## WORK REQUIRED
Under this line sits a listing. Repeat exactly and only its lines from the one holding "Topfdeckelhalter grau 3er Set" through the one holding "OM System OM-5 Mark II Body (Silver)"; skip pictures.

## EXERCISE INPUT
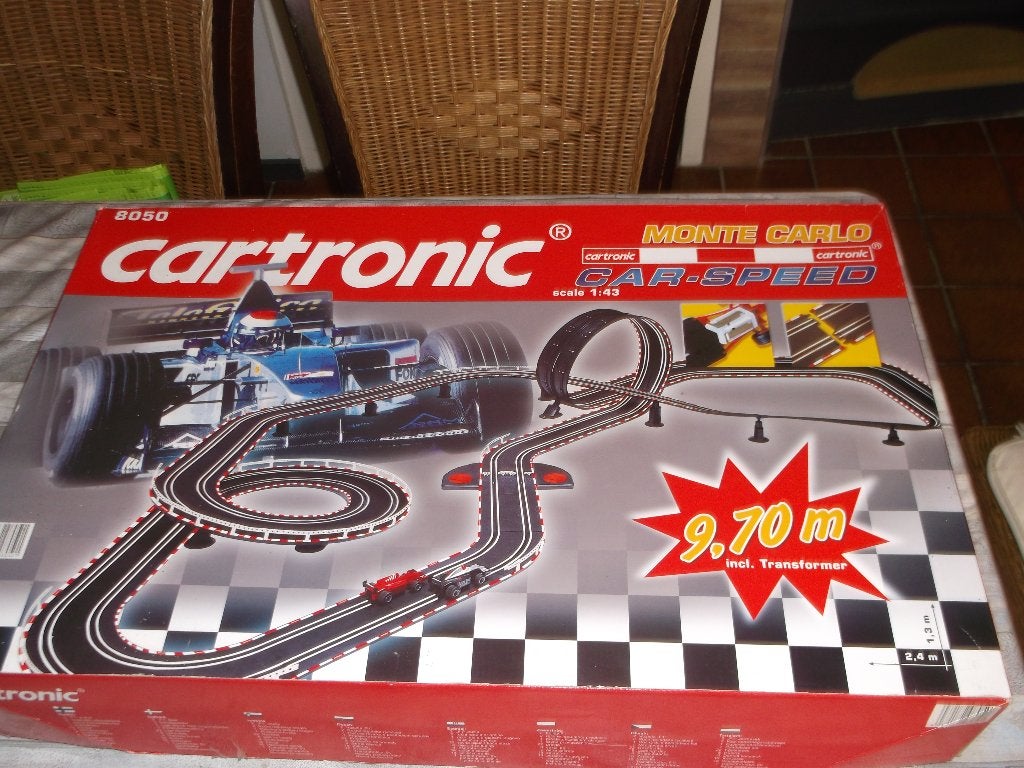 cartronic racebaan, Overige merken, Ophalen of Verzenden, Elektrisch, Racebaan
---
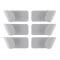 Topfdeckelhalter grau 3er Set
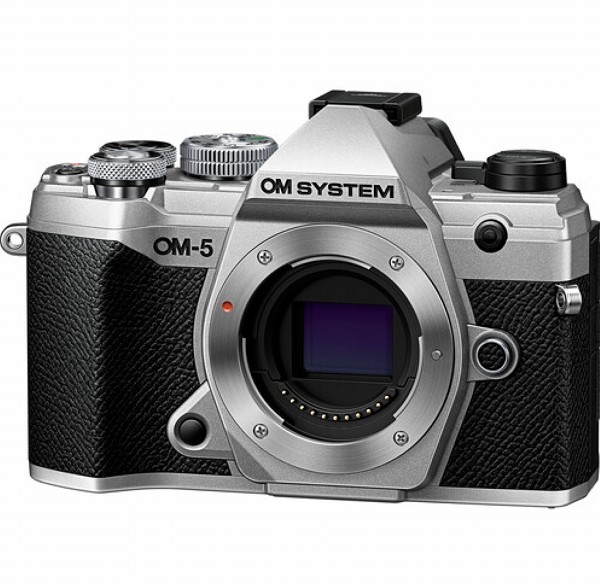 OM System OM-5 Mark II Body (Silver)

## TASK OUTPUT
 Topfdeckelhalter grau 3er Set
 OM System OM-5 Mark II Body (Silver)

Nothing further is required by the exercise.